重建的醫院兩座新樓比原先更加有現代感。院子當中樹立著一座裂成兩半的不銹鋼雕塑,嵌著一顆永遠破碎的心,武科瓦爾的心。同醫院一樣,武科瓦爾已經重建起來,只是還處處可見漸漸淡去卻不會消失的傷痕。
市中心廣場旁橋頭的塑像,是為了紀念從法國前來參戰被殺的年輕人讓·米切爾·尼古萊 (Jean-Michel Nicollier) ;政府機構門前的石碑上,刻著戰時殉職的公職人員;一棟殘破的二層小樓沒再修建,窗台上擺著的紅色鮮花已經垂掛到斑駁的黃色牆上;市內唯一高層建築仍然拋廢在那兒,門口卻還掛著“HOTEL DUNAV”(多瑙河酒店)的字樣。河畔最大的水塔四周已經圍上了鋼架;當年圍城時它被炮轟得千瘡百孔,頂上仍然飄揚著克羅地亞國旗,成為武科瓦爾的象徵而聞名世界。

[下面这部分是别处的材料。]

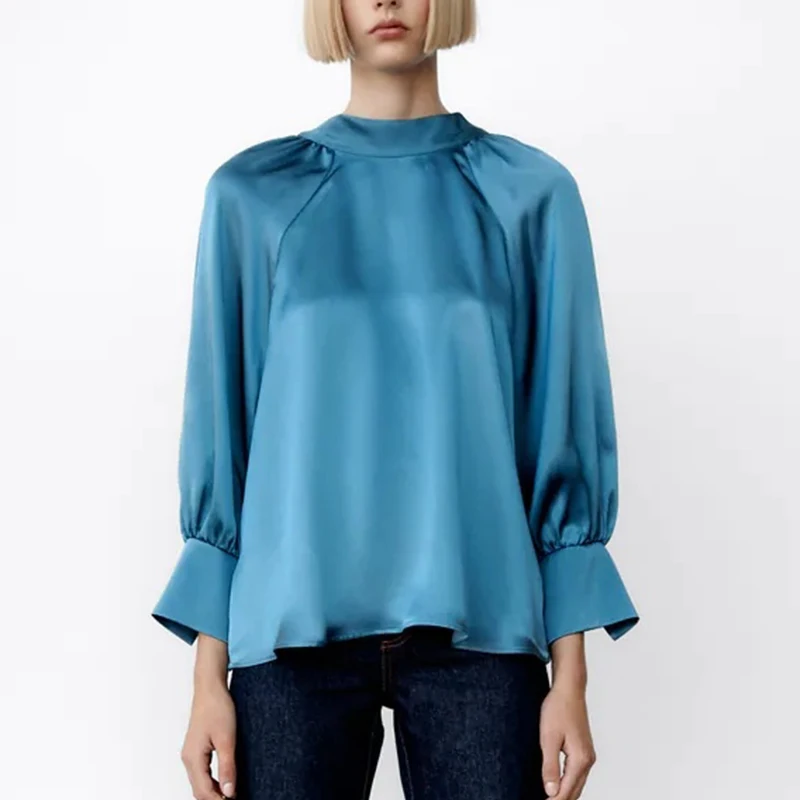 Za Women Casual Blouse Shirts 2021 Spring Autumn Back Bow T-Shirt Long Sleeve Female Solid Color Silk Soft Tops Shirt
Za Women Casual Blouse Shirts 2021 Spring Autumn Back Bow T-Shirt Long Sleeve Female Solid Color Silk Soft Tops Shirt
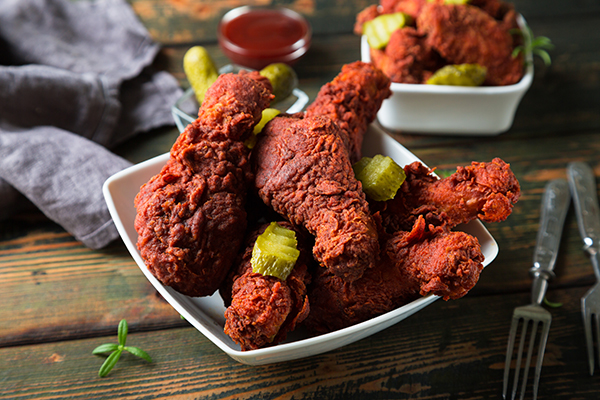 Hot Chicken wings in a small serving plate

回去時經過黃色外牆的武科瓦爾博物館,大門已經關鎖。戰爭曾徹底毀了它,裡面的文物被搶劫一空。戰後開始重建第一步就是清除裡裡外外的地雷,接著追討、修復和募集文物,克羅地亞各地和歐洲多個國家也送來了上千件捐贈。2016年,歐洲博物館論壇把素有“歐洲博物館奧斯卡獎”之譽的斯列托獎 (The Silletto Prize) 頒發給了武科瓦爾博物館。館長女士說:“戰爭可以摧毀城市,但摧毀不了文明,更摧毀不了人們對文明的追求。”
但文明真的能夠抵擋野蠻嗎?當年武科瓦爾一夜之間從文明墜入地獄,誰能料到本來和好相處的鄰居、朋友甚至同住一個屋頂下的親人,竟會彼此仇殺起來,非要你死我活。回去的路上我一直在自問,同樣的悲劇今後就一定不會重現?沒有答案。
(一名男子在克羅地亞武科瓦爾一處墓碑前獻花。圖片來源:美聯社)
穿過一處起碼百年歷史的墓地,小路兩邊都是長滿青綠苔蘚的墓碑。靠近碼頭的一座小橋上,走來三位身著民族長裙的女孩,滿面青春笑容,和多瑙河上空的藍天一樣動人。如果她們能夠走出墓碑一般沉重的歷史影子,如此美麗的地方就是天堂。